In the wake of Gabe Proctor’s death, our Marketing Manager and professional distance runner Scott Bauhs shares his thoughts on the end of a season, the end of a career, and the end.
Running’s Peaks and Valleys
We have poured our hearts into running for years. Running has shaped our social lives, our schedules, and our bodies. We have whittled away our PRs while climbing the all-time lists at our schools and in our regions. We have shiny medals and T-shirts and memories. Sometimes we pause and are grateful for where running has taken us, but more often we are looking ahead to the next benchmark.
So what happens when the next benchmark is out of reach?
Across the US, collegiate and high school athletes are running their final races in their alma mater’s colors before graduating to the next of life’s adventures. For many, this will be their final race. But even the ones that have made it this far are lucky. Others fell short long before.
For the rest of us, running continues. We are the lucky ones that will see the fruits of a snowballing commitment to the sport that we love. With ever-increasing training volume and experience combined with careful refinement in workout structure, diet, cross training, recovery, and superstitions; we reach our pinnacle athletic performance. But eventually, even we will toe the line of our final race.
Regardless of where our peak is, the reality for everyone is that a corresponding valley awaits. Some of these valleys can be deep and dark.

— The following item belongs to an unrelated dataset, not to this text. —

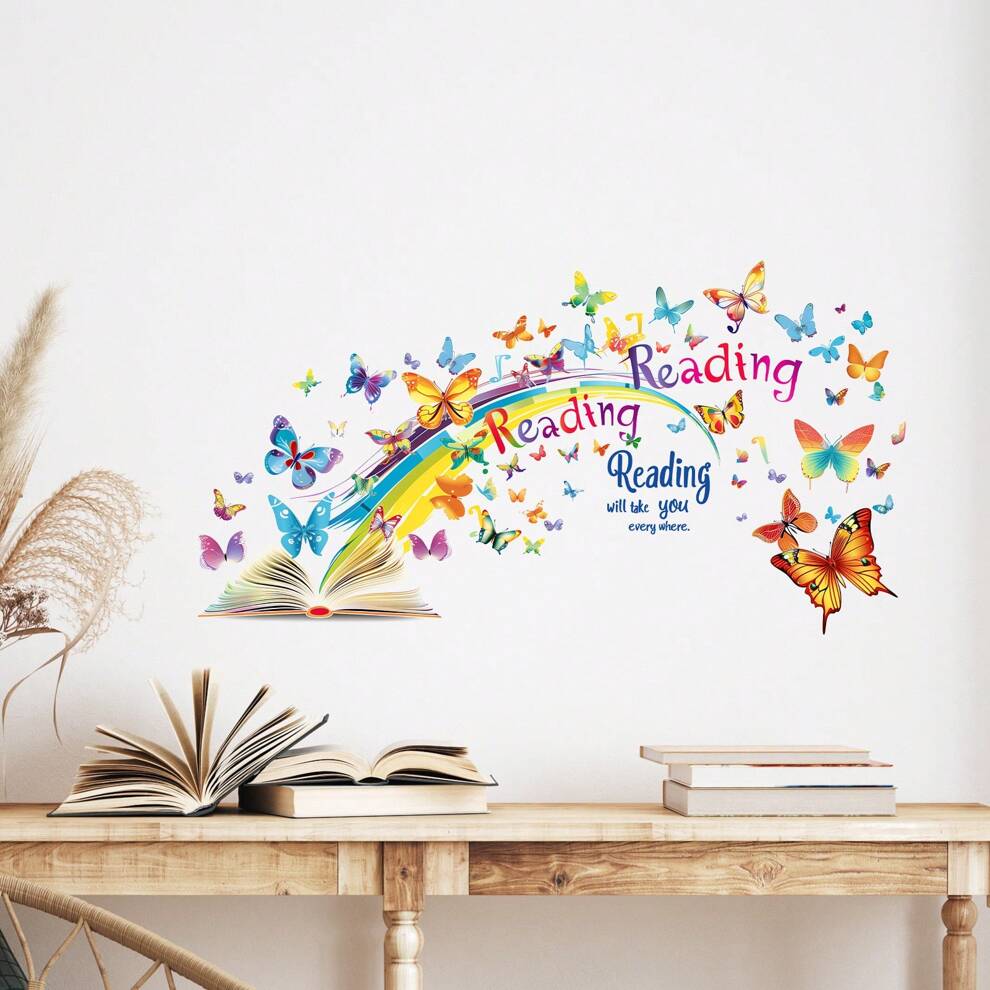 1PC Reading Will Take You Everywhere Wall Stickers Books Inspirational Educational Quote Peel And Stick Crayon Wall Art Decals For Library Bedroom Living Room Background Decorations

Gabe Proctor and I were fortunate enough to climb higher peaks than most athletes in our sport, and we took similar paths to our accomplishments. Gabe spent his formative years at Western State in Colorado graduating in 2013. I chose Chico State in California and finished in 2008. Both schools have well-established records of developing successful distance runners without the glamor of an NCAA Division 1 athletic department or nationally ranked academics. Our decisions were rewarded with NCAA Division 2 national titles and futures in professional running. We both chose the town of Mammoth Lakes with its breathtaking scenery and its breath-stealing altitude as our home while we raced the world. We sought Olympic rings and major race wins with fearless tenacity while we looked back in disbelief at how far we had come.
Then we saw what the valley looks like when we come down from peaks so high.
Gabe and I both saw what it is like to train with consistent effort but achieve inconsistent results. We both found out what it is like to have the comfortable life our sponsors afforded us vanish before we were ready to give up that life. It all happened in the blink of an eye.
I don’t know exactly what was weighing on Gabe when he took his life a few days ago. Despite our similarities, I only ever knew him in passing. I do know that the few moments I did spend with him were marked by his distinctively warm demeanor. When I saw him struggle with running, I had a faint urge to reach out and see if he would want to move to San Luis Obispo, work at Running Warehouse, and join my running club. I even mentioned this thought to our mutual friend, but, alas, I never acted on this urge.
I wish I could tell him that while job markets are harsh for 27 year olds that can only list personal records and race wins on their resume, that the humbling act of starting from the bottom of a new vocation is refreshing and the tenacity that it takes to race around the world suits you well in your next endeavor.
I wish I could tell him that the friends he made on the circuit will find their way back into his life in surprising and delightful ways.
I wish I could tell him that comeback climbs can be sweeter than the highest peaks when viewed through the new perspectives they offer.
I wish I could tell him that every corner of the earth is lined with people that want to help you with whatever you might need. There are expert coaches in all of life’s endeavors. And those coaches you trusted with your legs can often offer fantastic advice about navigating the rest of life.
I wish I could tell him that people will always be interested in learning about the unique adventures that you acquired racing the world and that those stories tend to get better as you forget the exact details.
Now it is up to those that knew him to share his adventures. I have no doubts that this will happen; he was the type of person who worked his way into many of our friend’s greatest hits. However brief, he lived a prolific life, and even without a second act, he left his mark on the world.